In 2017, Sutherland suffered a serious adductor injury that threatened his career and required him to spend time in a wheelchair.

While on the 2021 British & Irish Lions tour to South Africa it was announced that Sutherland would join Worcester Warriors ahead of the 2021/22 season. On 5 October 2022 all Warriors players had their contracts terminated due to the liquidation of the company to which they were employed. Following the termination of his Worcester Warriors contract, Sutherland signed a short-term contract with Ulster. He left Ulster at the end of the season. After the 2023 Rugby World Cup he joined Oyonnax on a one-year contract to play in the French Top 14.

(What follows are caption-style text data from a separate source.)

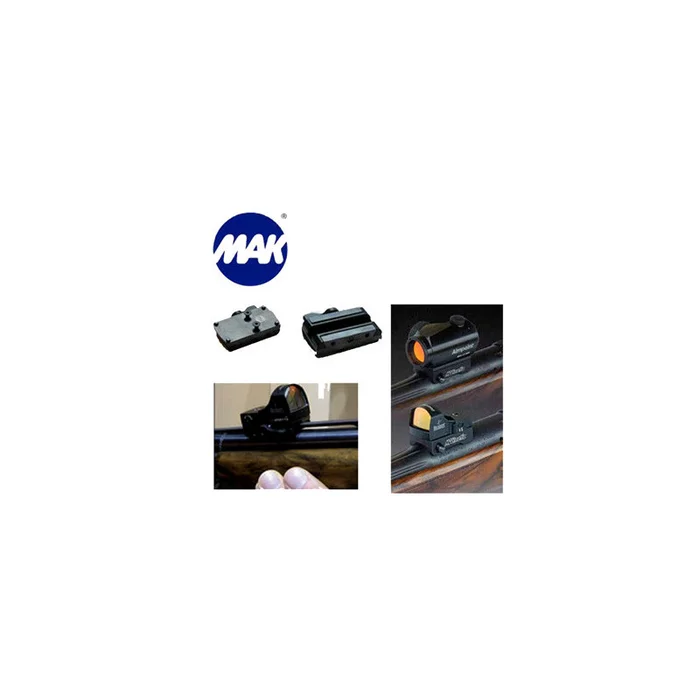 MONTAGE MAGNETIQUE MAKNETIC FASTFIRE POUR MERKEL KR1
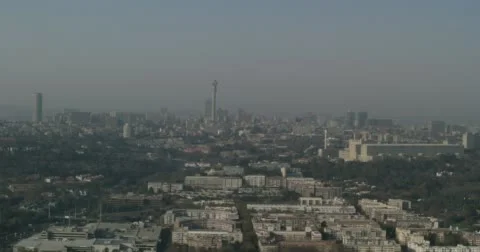 Johannesburg Stock Footage 60673564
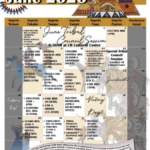 June 2026- Tribal Council Calendar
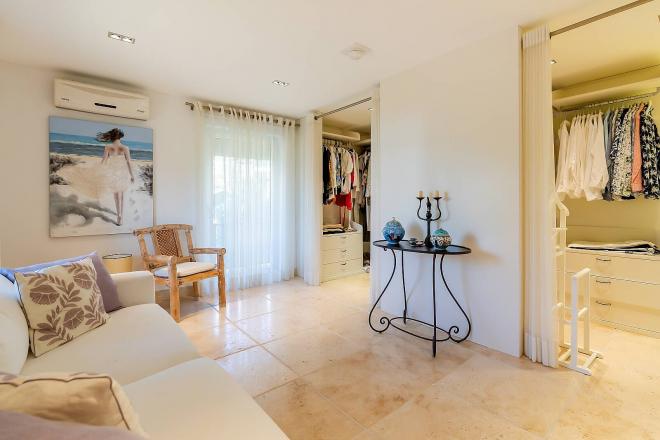 Вилла 5+1 с видом на море в Бодрум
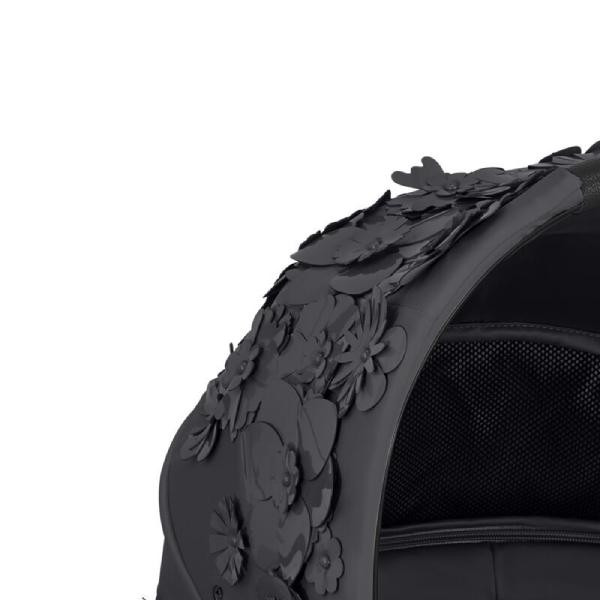 Cybex nosiljka za kolica Mios Simply Flowers Grey 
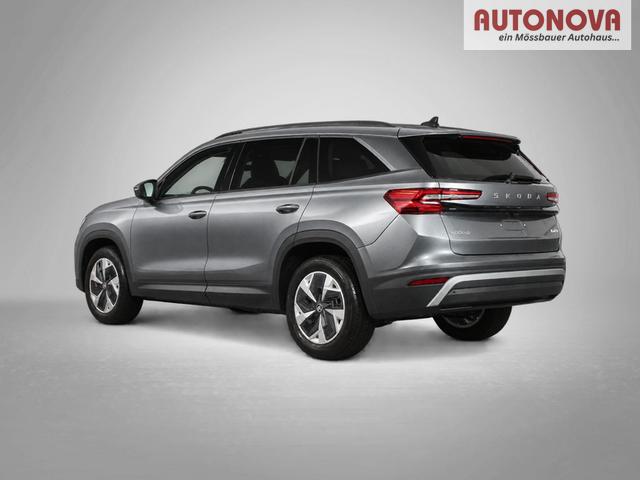 Skoda Kodiaq Selection 1.5 TSI mHEV 7-Gang DSG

He joined reigning United Rugby Championship side Glasgow Warriors for season 2024-25. He made his competitive debut on 27 September 2024 against Benetton Rugby for the Glasgow side, becoming Glasgow Warrior No. 362.

== International career ==

=== Scotland ===
Sutherland received his first call up to the senior Scotland squad by coach Vern Cotter on 19 January 2016 for the 2016 Six Nations Championship. Sutherland got his first Scotland cap during the Six Nations against Ireland in 2016. By 2021, he had made 18 appearances for Scotland, 16 as a starter and two as a replacement.

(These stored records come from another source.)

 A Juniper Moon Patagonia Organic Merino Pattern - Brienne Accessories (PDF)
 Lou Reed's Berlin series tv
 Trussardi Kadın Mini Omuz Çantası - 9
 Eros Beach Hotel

In 2023 Sutherland was selected in Scotland's 33 player squad for the 2023 Rugby World Cup in France.

He played for Scotland 'A' on 6 February 2026 in their match against Italy XV.

=== British & Irish Lions ===
In May 2021, Sutherland was selected in the 37-man squad for the British and Irish Lions tour of South Africa. He took to the field in the opening warmup match against Japan at Murrayfield, becoming Lion #840. After strong performances in the tour's warm-up matches, he was selected on the substitutes' bench for the first Test but was subsequently elevated to the starting line up just hours before kick-off. He played 55 minutes as the Lions won 17–22 to lead the series. Then he came off the bench the following week for his second Test cap.

He was not selected in the initial squad for the 2025 British & Irish Lions tour to Australia, but was subsequently called up ahead of the test series getting underway. He made an appearance in the final midweek match against the Pasifika XV.

== Personal life ==
Sutherland is married and they have three children.